WHAT YOU SHOULD DO:
Retype only the lines running from the beginning of the entries below to the line with "Web page design", both included. Do not include pictures.

(Web page caption snippets)
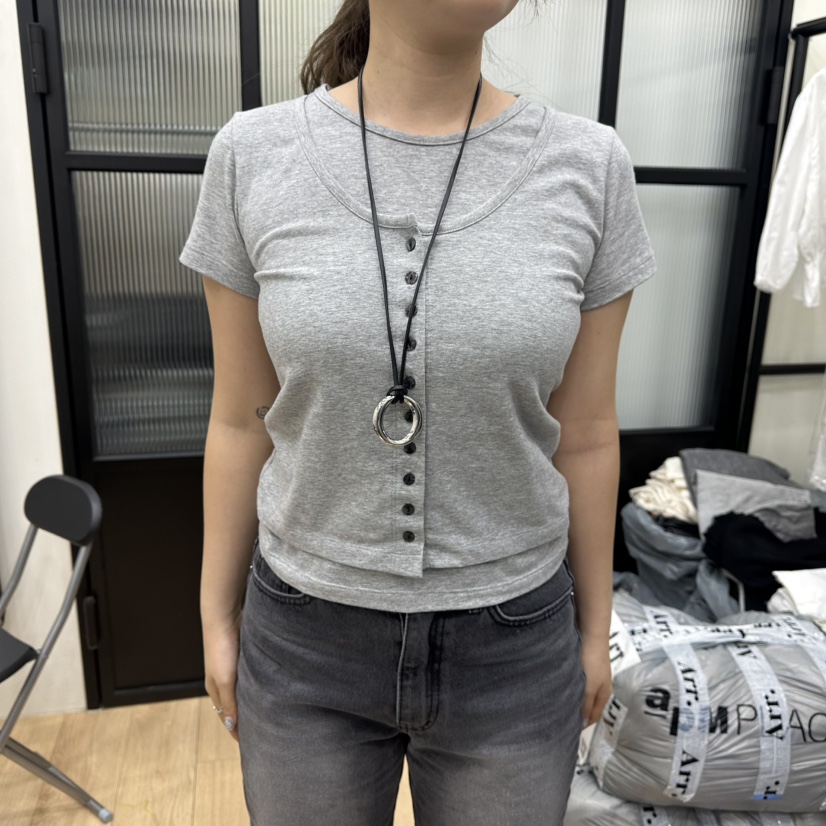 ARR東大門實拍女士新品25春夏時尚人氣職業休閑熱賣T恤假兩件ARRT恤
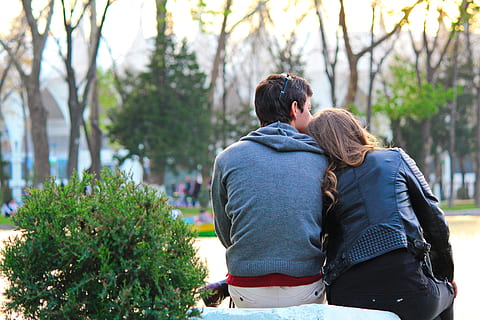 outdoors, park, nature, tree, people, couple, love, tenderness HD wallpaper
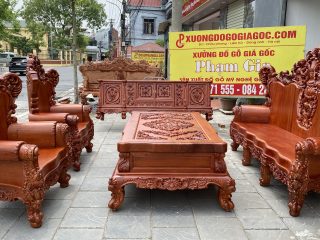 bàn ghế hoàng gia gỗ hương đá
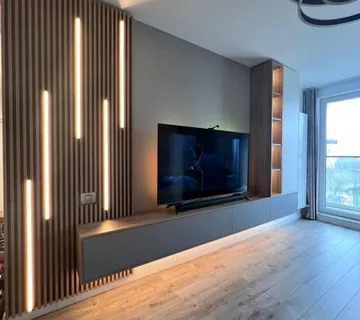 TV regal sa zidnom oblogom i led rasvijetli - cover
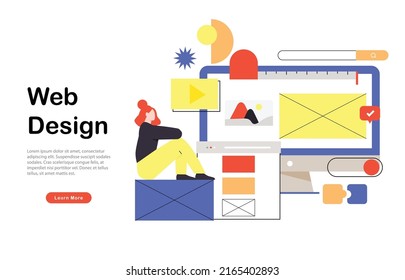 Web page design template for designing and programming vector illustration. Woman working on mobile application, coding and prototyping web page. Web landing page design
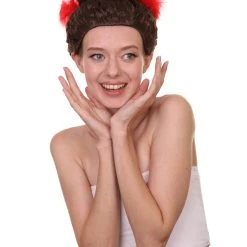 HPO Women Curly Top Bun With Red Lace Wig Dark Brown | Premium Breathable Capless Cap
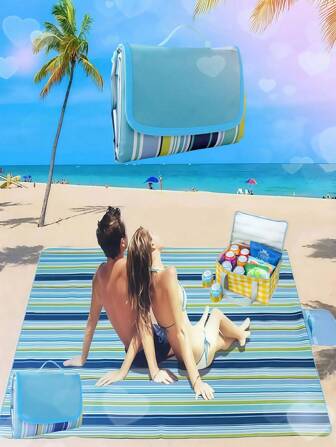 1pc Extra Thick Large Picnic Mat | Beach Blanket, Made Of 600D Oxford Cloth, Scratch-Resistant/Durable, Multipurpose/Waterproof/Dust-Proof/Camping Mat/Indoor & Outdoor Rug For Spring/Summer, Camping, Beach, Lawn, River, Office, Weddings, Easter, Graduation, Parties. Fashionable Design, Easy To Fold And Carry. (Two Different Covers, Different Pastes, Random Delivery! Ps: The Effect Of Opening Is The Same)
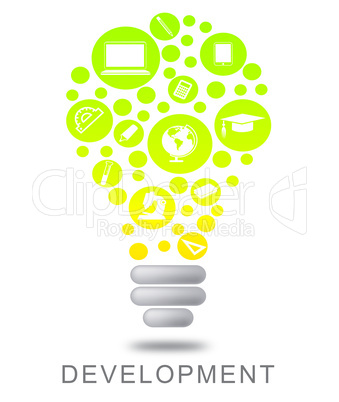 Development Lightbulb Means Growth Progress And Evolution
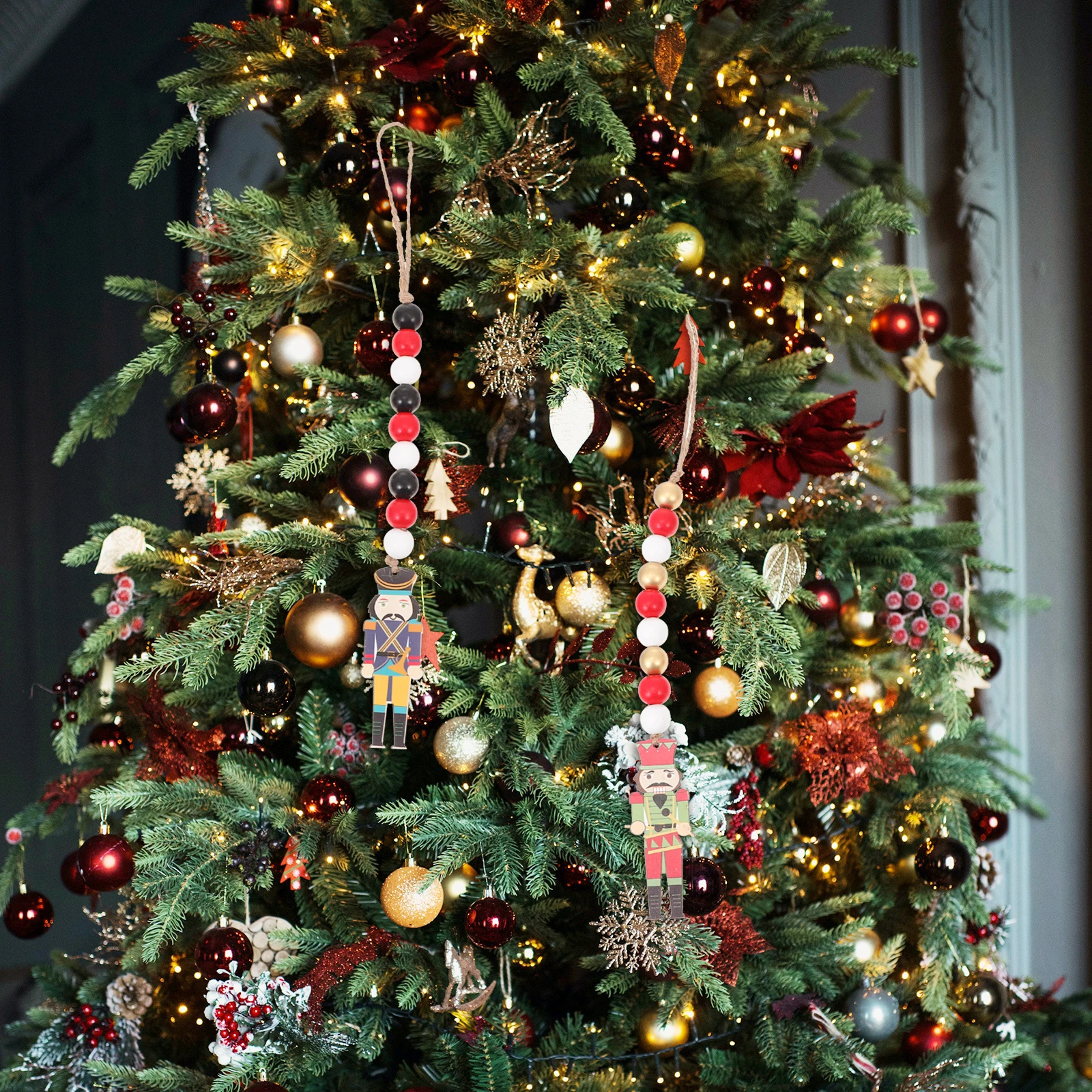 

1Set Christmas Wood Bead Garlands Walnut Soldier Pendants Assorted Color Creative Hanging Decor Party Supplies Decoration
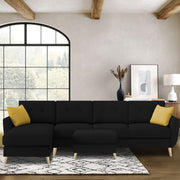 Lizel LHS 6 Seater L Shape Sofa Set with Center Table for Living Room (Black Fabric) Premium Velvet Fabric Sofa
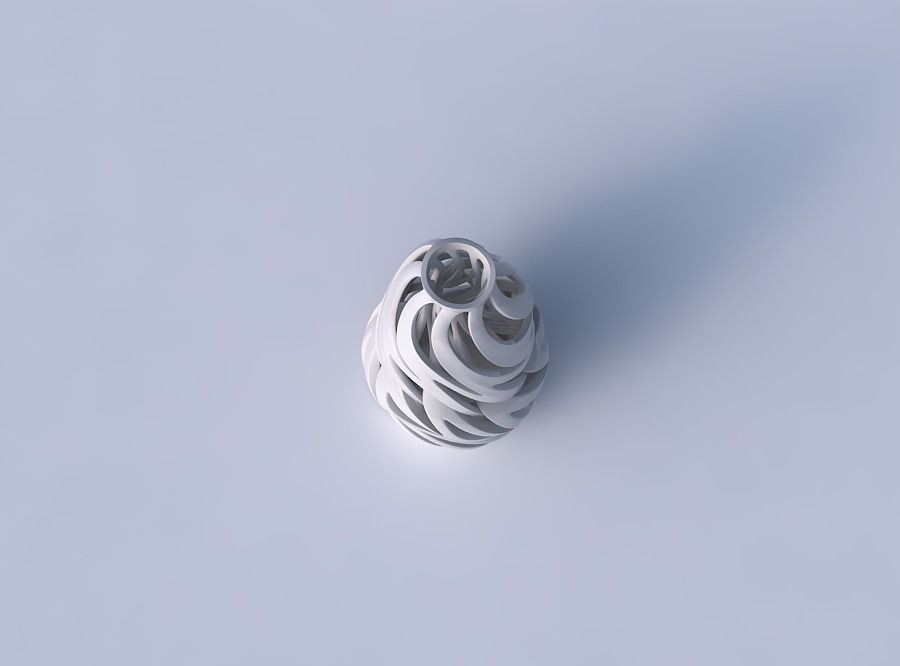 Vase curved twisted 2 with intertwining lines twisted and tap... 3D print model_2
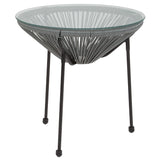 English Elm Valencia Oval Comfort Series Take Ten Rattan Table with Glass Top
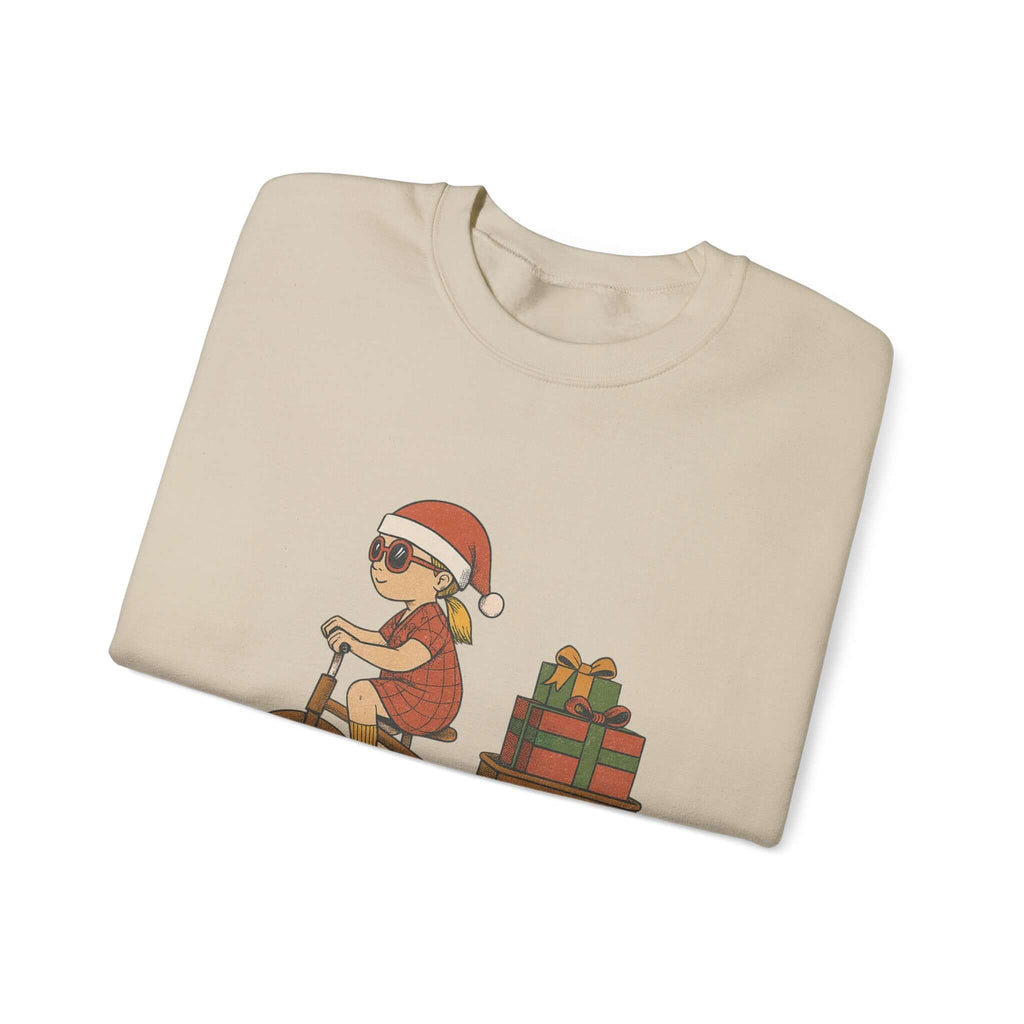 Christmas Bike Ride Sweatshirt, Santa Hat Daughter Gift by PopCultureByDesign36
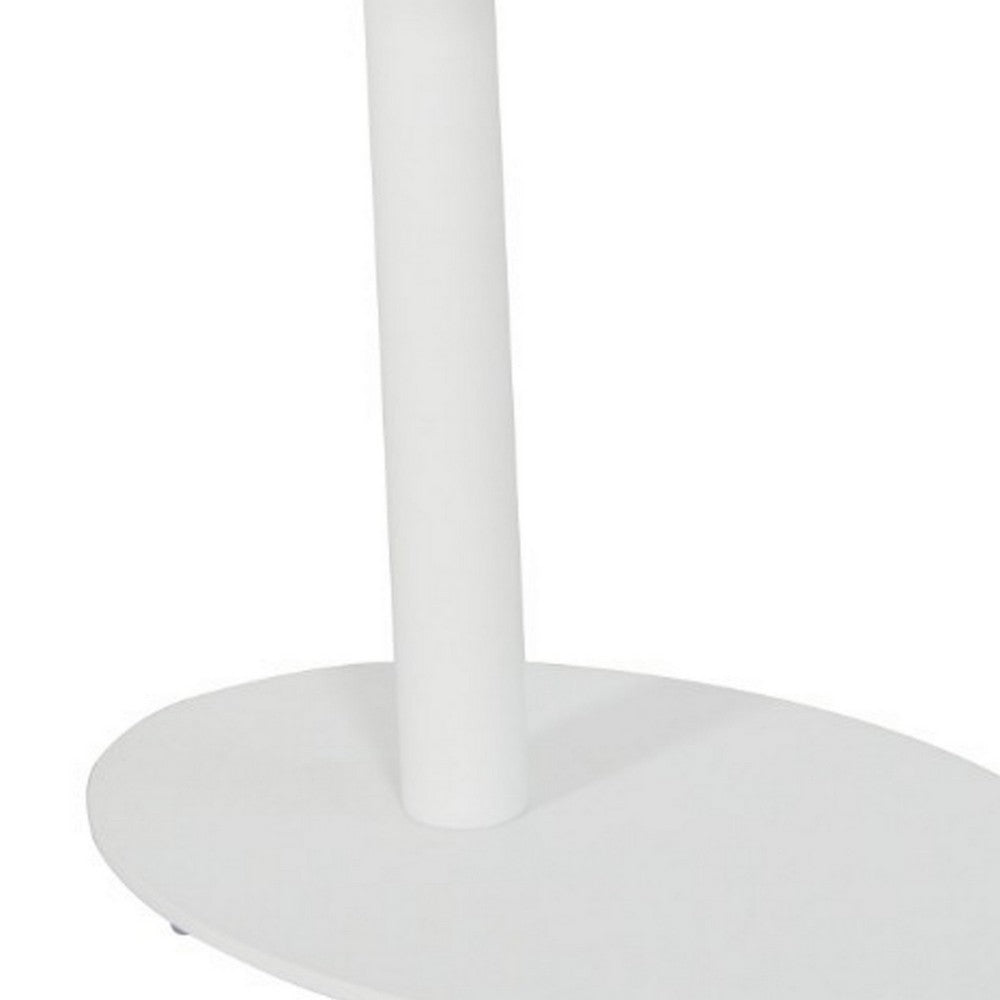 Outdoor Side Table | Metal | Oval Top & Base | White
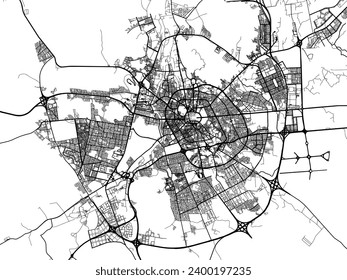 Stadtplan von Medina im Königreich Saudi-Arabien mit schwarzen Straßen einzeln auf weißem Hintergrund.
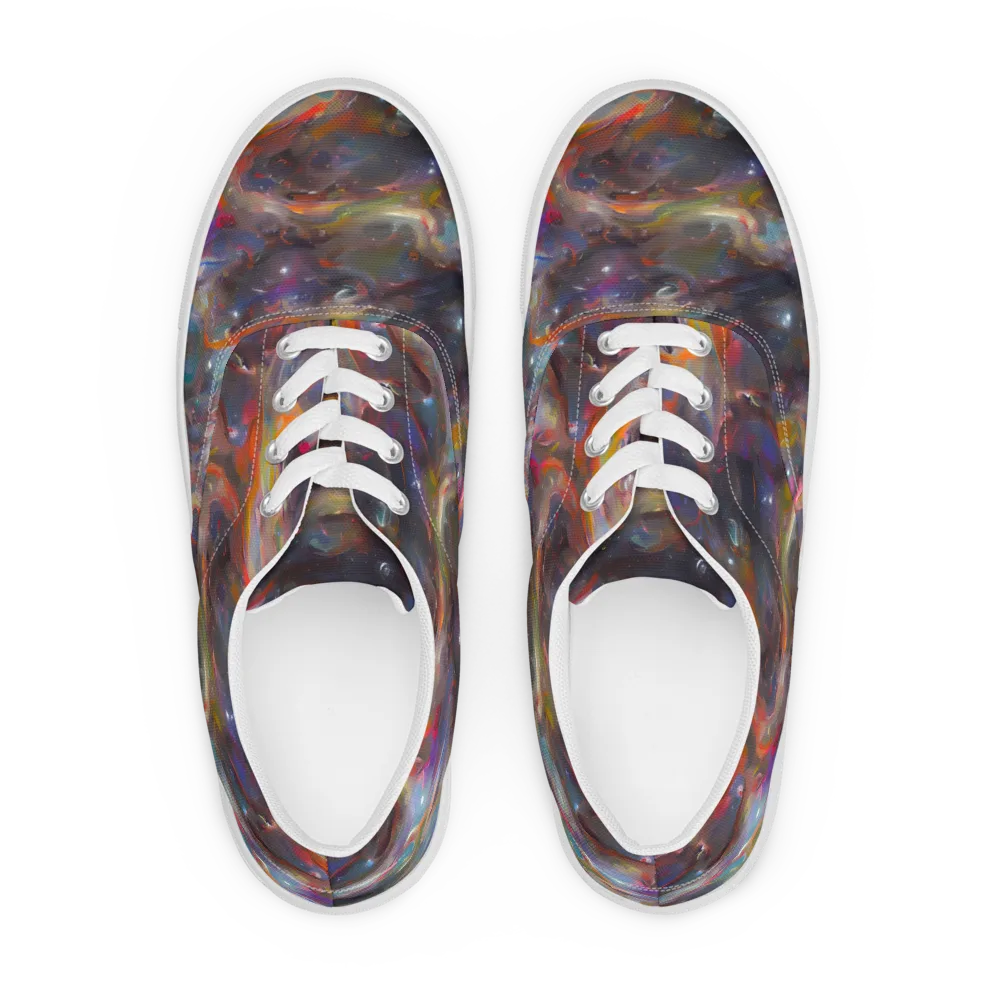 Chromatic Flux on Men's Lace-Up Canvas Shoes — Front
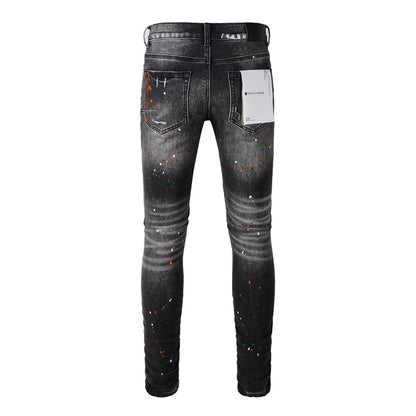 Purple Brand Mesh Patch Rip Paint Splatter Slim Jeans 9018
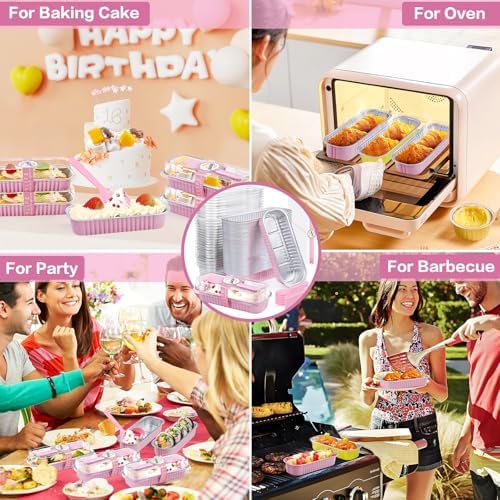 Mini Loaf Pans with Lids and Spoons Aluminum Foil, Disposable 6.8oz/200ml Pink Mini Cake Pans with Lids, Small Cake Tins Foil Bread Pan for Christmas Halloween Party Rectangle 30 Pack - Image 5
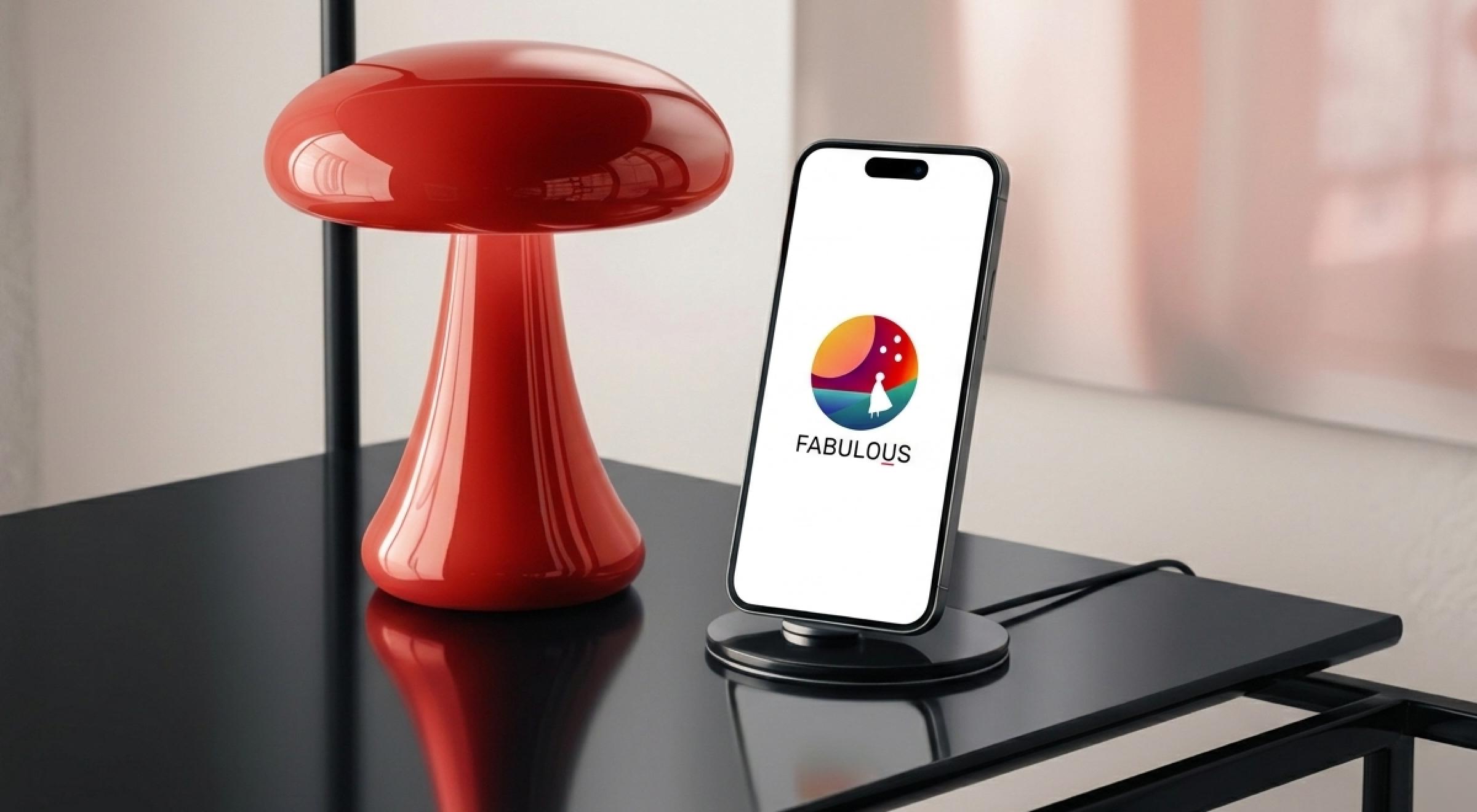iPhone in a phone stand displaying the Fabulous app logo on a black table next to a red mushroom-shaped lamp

OUTPUT BELOW:
 ARR東大門實拍女士新品25春夏時尚人氣職業休閑熱賣T恤假兩件ARRT恤
 outdoors, park, nature, tree, people, couple, love, tenderness HD wallpaper
 bàn ghế hoàng gia gỗ hương đá
 TV regal sa zidnom oblogom i led rasvijetli - cover
 Web page design template for designing and programming vector illustration. Woman working on mobile application, coding and prototyping web page. Web landing page design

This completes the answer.